Onde intemporelle
Sans me hâter / Je m’acclimate / À l’im
minence de la nuit. » Dans la famille Chedid, choisissons la grand-mère. Sa poésie – ferme, ouverte, aventureuse – est de celles qui s’emplissent de sinuosités nouvelles à chaque fois que l’on s’en approche. Le mouvement est son aimant. Le temps, sa substance cadencée. Paru en 2003, quelques années avant la mort de l’écrivaine, le recueil Rythmes peut se lire comme la traversée, à grandes enjambées, d’une existence – et comme une description poétique de la naissance de l’univers, et du verbe en lui. Au commencement, il y a le tissu du rien, une « arythmie », un cosmos qui n’a pas encore connu le surgissement de la vie : « avant que le rythme n’ait pris possession de l’espace » , écrit la poétesse. Et puis la vie survient, s’extirpant du chaos par remous, prenant d’abord la forme d’une respiration, d’un air, d’un contre-chant. S’y débattent les ailes d’un oiseau – « relié à l’immensité » , « noué à l’infini » – tandis qu’apparaît, enfin, « venu d’on ne sait où » , la silhouette de l’homme, premier faiseur d’images, apporteur d’histoires et de légendes. Les vers se parent alors d’un « je », et la voix, plus personnelle, navigue « à la source du langage » puis dans le devenir d’un corps ; « On eut beau la flatter / Célébrer ses atours / Ma jeunesse s’engouffra / Dans la gorge du temps. » ( Jeunesse)

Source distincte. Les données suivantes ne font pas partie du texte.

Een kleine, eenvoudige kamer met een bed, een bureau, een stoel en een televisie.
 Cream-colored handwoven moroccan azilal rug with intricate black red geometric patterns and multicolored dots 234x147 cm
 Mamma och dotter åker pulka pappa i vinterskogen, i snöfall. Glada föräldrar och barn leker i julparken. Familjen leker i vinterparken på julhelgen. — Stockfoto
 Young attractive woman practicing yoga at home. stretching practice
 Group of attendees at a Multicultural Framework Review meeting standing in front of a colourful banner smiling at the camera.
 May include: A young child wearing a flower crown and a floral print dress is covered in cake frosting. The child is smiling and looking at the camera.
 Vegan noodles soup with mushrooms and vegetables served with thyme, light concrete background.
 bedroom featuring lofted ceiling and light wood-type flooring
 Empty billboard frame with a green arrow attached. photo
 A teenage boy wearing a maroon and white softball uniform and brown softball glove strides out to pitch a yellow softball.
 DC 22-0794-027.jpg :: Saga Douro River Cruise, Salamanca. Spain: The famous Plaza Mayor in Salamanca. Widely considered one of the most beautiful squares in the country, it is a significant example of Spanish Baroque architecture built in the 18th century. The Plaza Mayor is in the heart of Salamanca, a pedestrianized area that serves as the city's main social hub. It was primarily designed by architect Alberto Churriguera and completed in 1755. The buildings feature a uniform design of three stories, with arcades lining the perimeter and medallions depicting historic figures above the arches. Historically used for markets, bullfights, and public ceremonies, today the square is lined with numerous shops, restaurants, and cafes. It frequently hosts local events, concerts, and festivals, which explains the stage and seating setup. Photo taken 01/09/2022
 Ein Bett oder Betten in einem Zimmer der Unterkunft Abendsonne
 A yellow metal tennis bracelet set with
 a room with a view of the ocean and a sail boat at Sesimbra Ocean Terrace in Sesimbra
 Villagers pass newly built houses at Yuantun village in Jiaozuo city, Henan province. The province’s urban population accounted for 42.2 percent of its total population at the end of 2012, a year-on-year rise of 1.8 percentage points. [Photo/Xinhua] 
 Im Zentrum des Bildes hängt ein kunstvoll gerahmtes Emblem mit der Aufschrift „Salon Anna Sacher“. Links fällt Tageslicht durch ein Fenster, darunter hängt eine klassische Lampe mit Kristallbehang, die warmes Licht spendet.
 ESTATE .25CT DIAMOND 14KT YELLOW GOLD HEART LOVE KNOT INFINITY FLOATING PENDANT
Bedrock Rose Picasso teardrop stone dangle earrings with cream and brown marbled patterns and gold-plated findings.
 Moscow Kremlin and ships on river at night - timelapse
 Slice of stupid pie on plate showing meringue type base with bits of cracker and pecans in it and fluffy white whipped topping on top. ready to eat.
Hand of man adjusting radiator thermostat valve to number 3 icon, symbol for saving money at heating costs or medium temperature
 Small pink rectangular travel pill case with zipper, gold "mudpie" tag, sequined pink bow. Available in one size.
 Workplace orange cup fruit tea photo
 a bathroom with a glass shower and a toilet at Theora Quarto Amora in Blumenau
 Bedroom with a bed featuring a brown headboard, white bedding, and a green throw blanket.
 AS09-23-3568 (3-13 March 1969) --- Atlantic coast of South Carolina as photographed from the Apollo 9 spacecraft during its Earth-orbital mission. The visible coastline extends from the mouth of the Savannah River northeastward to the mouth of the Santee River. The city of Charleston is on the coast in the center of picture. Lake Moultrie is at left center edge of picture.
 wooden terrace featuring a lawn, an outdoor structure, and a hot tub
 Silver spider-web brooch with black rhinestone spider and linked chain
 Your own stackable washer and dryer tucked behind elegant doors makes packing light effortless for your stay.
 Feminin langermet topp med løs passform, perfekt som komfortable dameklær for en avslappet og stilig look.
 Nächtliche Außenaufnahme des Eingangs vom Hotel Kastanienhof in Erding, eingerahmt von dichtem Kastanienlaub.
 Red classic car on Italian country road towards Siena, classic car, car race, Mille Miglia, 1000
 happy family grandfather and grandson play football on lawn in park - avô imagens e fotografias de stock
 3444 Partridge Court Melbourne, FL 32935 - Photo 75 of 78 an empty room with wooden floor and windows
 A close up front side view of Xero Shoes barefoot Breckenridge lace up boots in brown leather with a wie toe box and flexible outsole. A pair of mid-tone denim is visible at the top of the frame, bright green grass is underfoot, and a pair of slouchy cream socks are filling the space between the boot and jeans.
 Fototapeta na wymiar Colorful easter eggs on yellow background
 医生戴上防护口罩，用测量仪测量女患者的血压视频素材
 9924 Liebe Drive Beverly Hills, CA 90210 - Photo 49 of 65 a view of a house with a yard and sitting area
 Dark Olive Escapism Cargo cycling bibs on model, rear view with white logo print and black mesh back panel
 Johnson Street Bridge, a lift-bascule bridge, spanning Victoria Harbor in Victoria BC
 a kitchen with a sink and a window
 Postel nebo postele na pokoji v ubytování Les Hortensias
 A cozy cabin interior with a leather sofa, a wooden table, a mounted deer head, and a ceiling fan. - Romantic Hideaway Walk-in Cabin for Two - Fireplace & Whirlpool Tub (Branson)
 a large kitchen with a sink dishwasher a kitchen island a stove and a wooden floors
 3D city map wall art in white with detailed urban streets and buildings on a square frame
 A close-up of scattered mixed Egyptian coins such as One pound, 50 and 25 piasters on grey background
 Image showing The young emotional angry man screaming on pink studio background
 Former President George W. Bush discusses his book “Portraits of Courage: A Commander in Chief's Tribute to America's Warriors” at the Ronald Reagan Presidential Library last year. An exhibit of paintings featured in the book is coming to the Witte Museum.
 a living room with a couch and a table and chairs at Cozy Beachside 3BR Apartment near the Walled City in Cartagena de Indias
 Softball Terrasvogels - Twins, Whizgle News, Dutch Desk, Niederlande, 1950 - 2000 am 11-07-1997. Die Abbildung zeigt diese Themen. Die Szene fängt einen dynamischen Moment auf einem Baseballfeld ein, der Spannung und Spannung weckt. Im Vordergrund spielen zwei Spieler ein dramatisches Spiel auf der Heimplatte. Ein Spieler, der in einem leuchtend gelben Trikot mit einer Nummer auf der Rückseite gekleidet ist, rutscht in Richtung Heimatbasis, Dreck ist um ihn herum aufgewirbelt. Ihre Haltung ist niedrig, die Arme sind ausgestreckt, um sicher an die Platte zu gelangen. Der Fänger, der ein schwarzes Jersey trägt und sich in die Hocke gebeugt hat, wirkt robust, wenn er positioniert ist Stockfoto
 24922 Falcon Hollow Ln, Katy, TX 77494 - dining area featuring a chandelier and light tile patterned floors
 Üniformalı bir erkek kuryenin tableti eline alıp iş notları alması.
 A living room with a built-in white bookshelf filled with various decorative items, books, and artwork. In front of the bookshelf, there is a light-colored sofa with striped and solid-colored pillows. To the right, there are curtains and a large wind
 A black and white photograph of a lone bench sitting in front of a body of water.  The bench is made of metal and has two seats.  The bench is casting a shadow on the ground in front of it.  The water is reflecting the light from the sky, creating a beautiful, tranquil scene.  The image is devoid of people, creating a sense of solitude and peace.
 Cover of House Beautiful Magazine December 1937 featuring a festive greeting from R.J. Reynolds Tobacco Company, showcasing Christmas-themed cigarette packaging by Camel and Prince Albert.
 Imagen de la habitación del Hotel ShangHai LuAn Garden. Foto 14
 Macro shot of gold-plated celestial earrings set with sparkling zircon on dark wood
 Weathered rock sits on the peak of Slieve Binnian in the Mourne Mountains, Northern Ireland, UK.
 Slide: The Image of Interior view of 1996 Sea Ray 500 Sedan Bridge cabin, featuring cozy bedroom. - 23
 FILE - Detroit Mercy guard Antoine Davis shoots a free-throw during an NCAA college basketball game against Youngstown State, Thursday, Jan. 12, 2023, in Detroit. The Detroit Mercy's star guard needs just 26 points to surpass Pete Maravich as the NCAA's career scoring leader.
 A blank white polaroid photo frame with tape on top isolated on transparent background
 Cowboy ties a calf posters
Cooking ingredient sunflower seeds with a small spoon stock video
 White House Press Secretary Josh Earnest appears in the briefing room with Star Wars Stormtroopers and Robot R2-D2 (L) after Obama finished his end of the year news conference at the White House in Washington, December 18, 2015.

Composés comme des éclipses – dans le contrepoint, dans la symétrie inverse –, les poèmes réussissent à créer les images d’une prodigieuse célébration de la vie, baignée dans la conscience de l’éphémère, saisie ici comme un intervalle convoité. « Qui étais-je avant / Qui serai-je après / Ce bref parcours de vie / Entouré de mystères. » Il y a dans ces pages des intensités d’amour, un souffle lumineux, une hyperconscience affirmative du temps et de son « éternel complot » . Délicate et optimiste, Andrée Chedid sait fait chanter les gouffres. Limpide et humble, préférant les vérités aux bonheurs illusoires, elle dévoile la vie et ses émerveillements à travers les ombres.